Die Zeilen, die am Vormittag im großen Saal des Bayerischen Hofes über den Teleprompter rollen, sind an Deutlichkeit kaum zu übertreffen. Einen Monat nach Amtsantritt lässt US-Präsident Donald Trump süße Soße über die unappetitlichen Bemerkungen von einer "obsolet" gewordenen Nato gießen. 21 Minuten versichert sein Vizepräsident Mike Pence den Vertreten der Nato, der EU und vor allem Deutschlands die Treue der USA, beschwört die gemeinsamen Werte von Frieden, Demokratie, Gerechtigkeit und Rechtsstaatlichkeit.

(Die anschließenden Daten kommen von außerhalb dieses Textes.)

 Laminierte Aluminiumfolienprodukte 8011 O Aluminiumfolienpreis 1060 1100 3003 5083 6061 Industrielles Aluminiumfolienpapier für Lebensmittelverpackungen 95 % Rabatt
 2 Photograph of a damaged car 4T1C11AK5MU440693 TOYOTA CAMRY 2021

Pence erkennt die Anstrengungen im gemeinsamen Anti-Terror-Kampf an, verneigt sich vor den Opfern und kommt auf eine Mauer zu sprechen, deren Anblick er nie mehr vergessen werde. Nein nicht die aktuelle Sperre an der amerikanisch-mexikanischen Grenze, sondern jene "zehn Fuß hohe Mauer aus Blumen", mit denen die Berliner an der US-Botschaft ihre Solidarität mit dem amerikanischen Volk nach den Terrorangriffen vom 11. September 2001 ausdrückten. Die neue US-Administration ist also bemüht, die Befürchtungen des Westens nicht nur sachlich, nicht nur nachdrücklich, sondern auch empathisch zu zerstreuen.

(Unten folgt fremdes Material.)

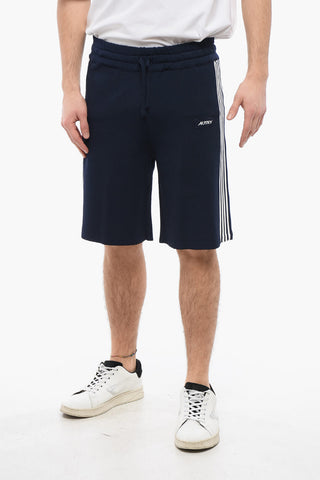 Nylon Blend Shorts with Contrasting Side Bands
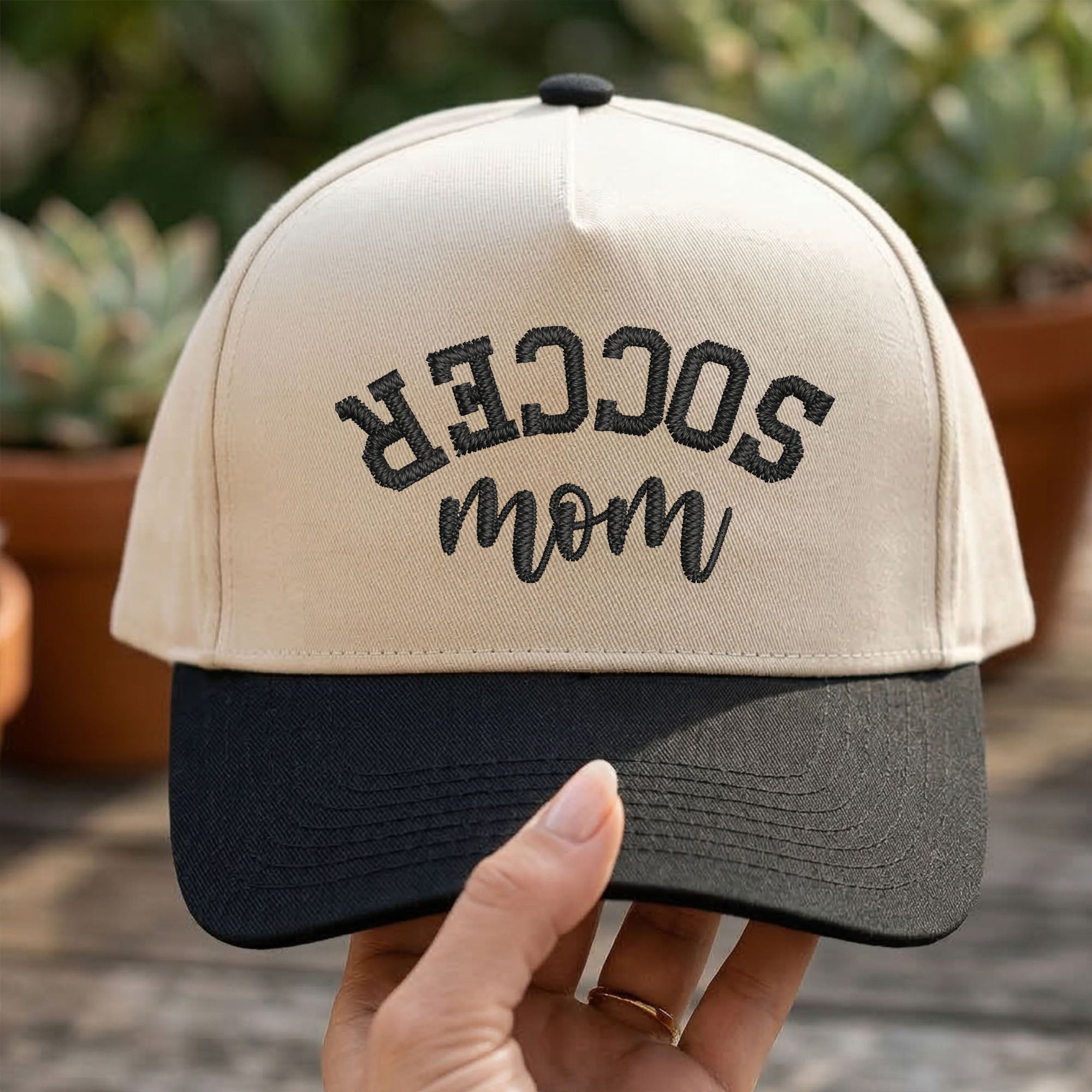 Custom Embroidered Soccer Mom Snapback Hat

Doch da ist auch Trump-Sprech in den Pence-Worten. Die USA würden "stark sein, stärker als je zuvor", betont der Vizepräsident. Und er beklagt, dass außer den USA nur fünf weitere Nato-Staaten die Selbstverpflichtung erfüllten, zwei Prozent ihres Bruttoinlandsproduktes (BIP) in die Verteidigung zu investieren. Zuvor hatte bereits US-Verteidigungsminister James Mattis überprüfbare Daten von den Partnern bis Jahresende verlangt, aus denen nachvollziehbar hervorgeht, dass sie das Ziel tatsächlich erreichen wollen.

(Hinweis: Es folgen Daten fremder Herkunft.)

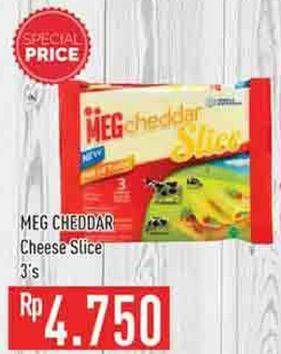 Promo Harga MEG Cheddar Slice 3 pcs - Hypermart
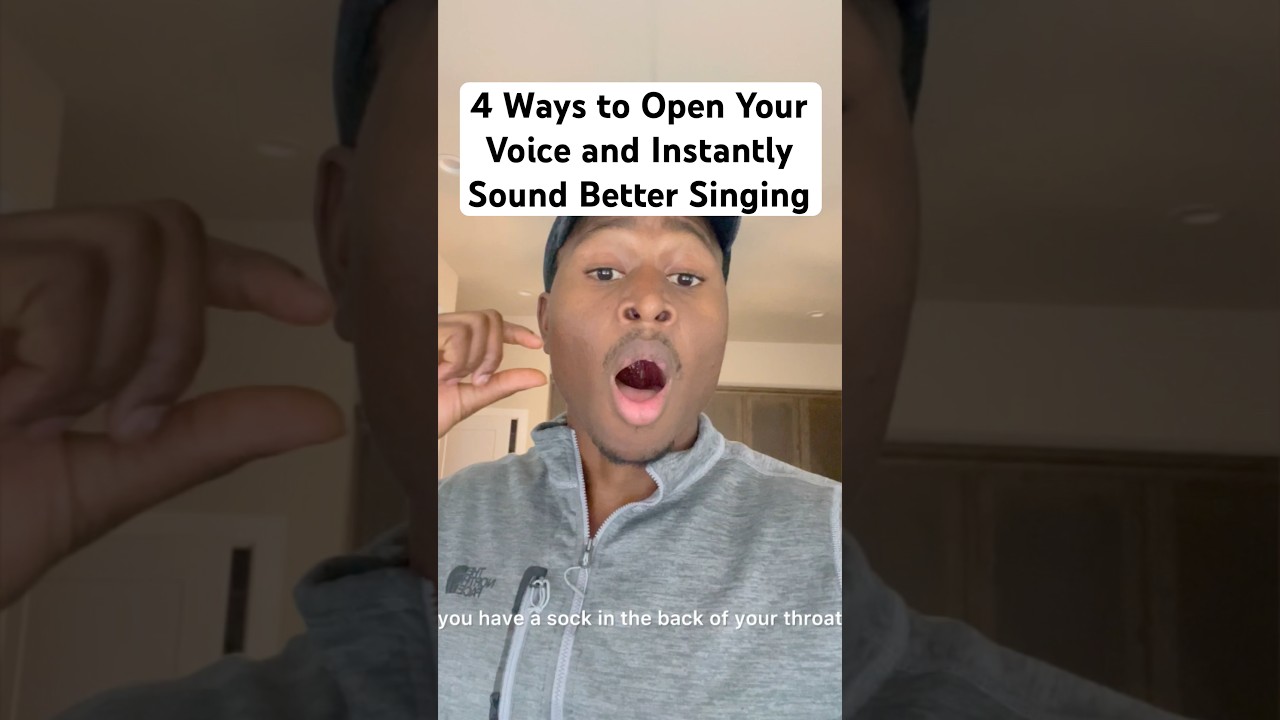 4 Ways to Open Your Voice and Sound Better Singing!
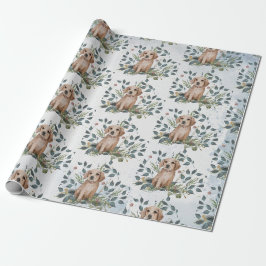 Welpe Hund Eukalyptus-Geschenk für Welpen Geschenkpapier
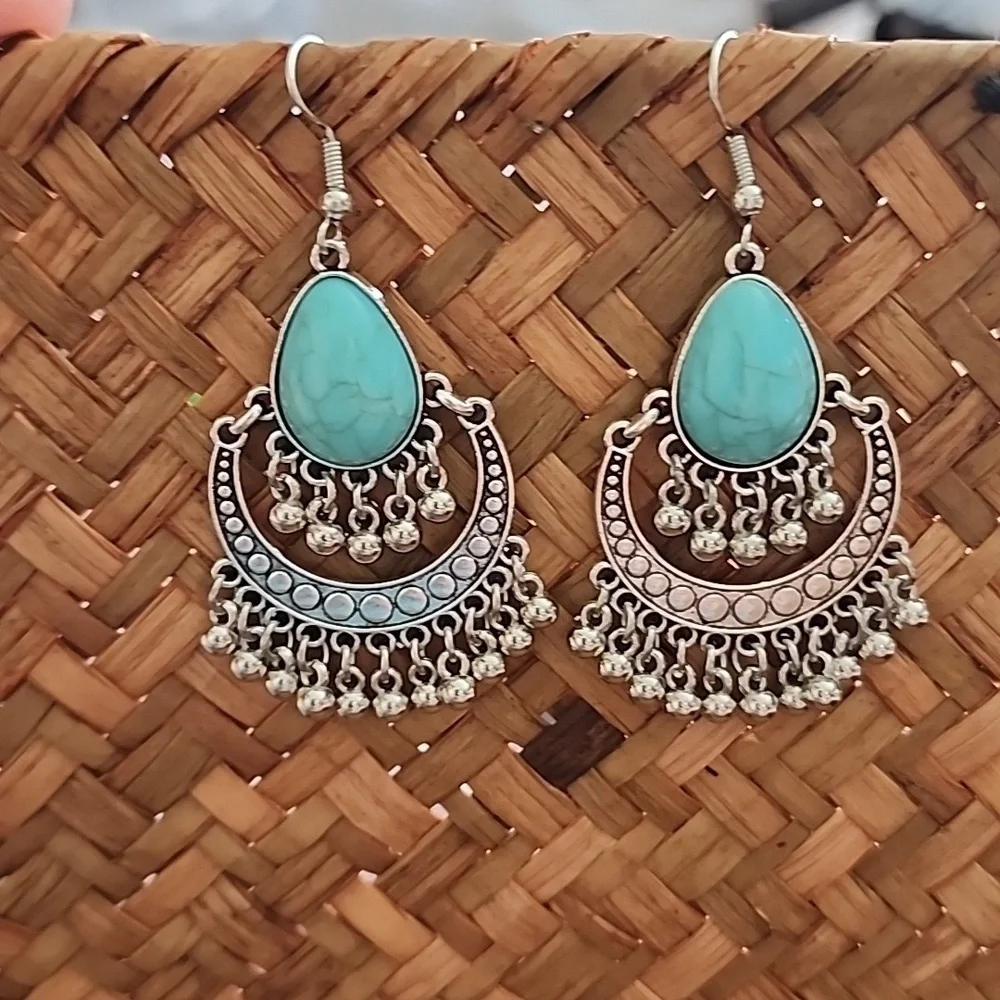 BOHEMIAN Blue Tribal Simulated Turquoise EP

Die deutsche Seite kann zwar auf intensives Engagement in vielen Ländern verweisen, auch auf eine beachtliche Steigerung des Verteidigungshaushaltes um acht Prozent. Und Bundeskanzlerin Angela Merkel sagt in München ein weiteres Anwachsen zu. Bis 2024 auf zwei Prozent vom BIP zu kommen, wie 2014 beschlossen, diesem Ziel fühle sich Deutschland "verpflichtet", versichert Merkel. Und auch ihre Verteidigungsministerin Ursula von der Leyen erklärt die Zeiten, in denen Deutschland die Friedensdividende nutzen konnte, für beendet.

Doch das Konfliktpotenzial um die Zwei-Prozent-Verpflichtung zeichnet sich in München bereits ab. Merkel verweist darauf, wie viel vernünftigerweise leistbar ist und erklärt, dass mehr als acht Prozent Steigerung pro Jahr "praktisch" nicht machbar seien. Ob ein solches Wachstum im Entwurf für den 2018er Haushalt stehen wird, ist eher fraglich. Der wird aller Voraussicht nach erst nach den Wahlen verabschiedet. Und bis dahin lässt sich mit dem unpopulären Rüstungsthema Wahlkampf machen. Noch-SPD-Chef Sigmar Gabriel testet es in München schon einmal aus. Doch selbst bei einer völlig unwahrscheinlichen jährlichen Acht-Prozent-Steigerung würde Deutschland nicht liefern können, was Trump verlangt. Merkel beschwichtigt schon einmal und warnt vor "kleinlichen Diskussionen". Doch auch Pence beharrt darauf: "Jetzt ist der Zeitpunkt gekommen, mehr zu tun."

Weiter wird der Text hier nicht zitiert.